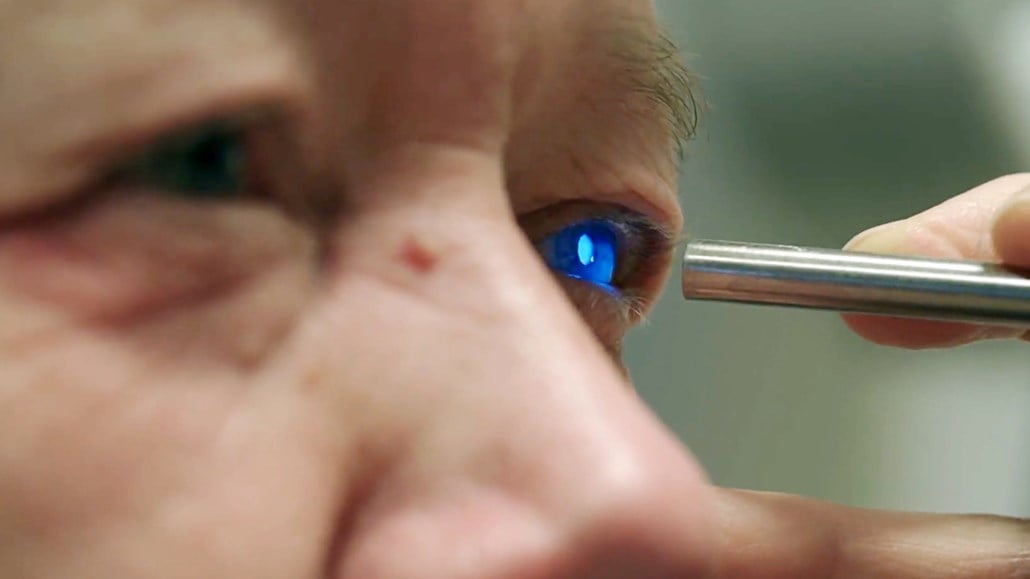 New Cataract diagnosis with Ocean spectrometer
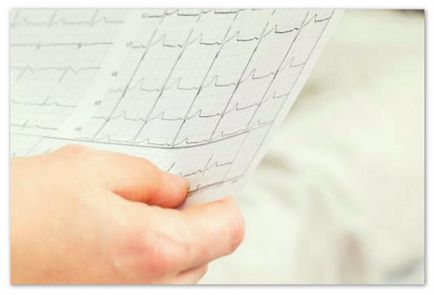 EKG gyermekeknél (ár) EKG gyermekeknél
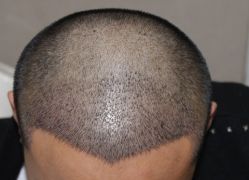 -大麦微针植发全国连锁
-*-
### [Your task]
Where a picture appears in the data, omit it; restate the rest word for word.

### [Solution]
 New Cataract diagnosis with Ocean spectrometer
 EKG gyermekeknél (ár) EKG gyermekeknél
 -大麦微针植发全国连锁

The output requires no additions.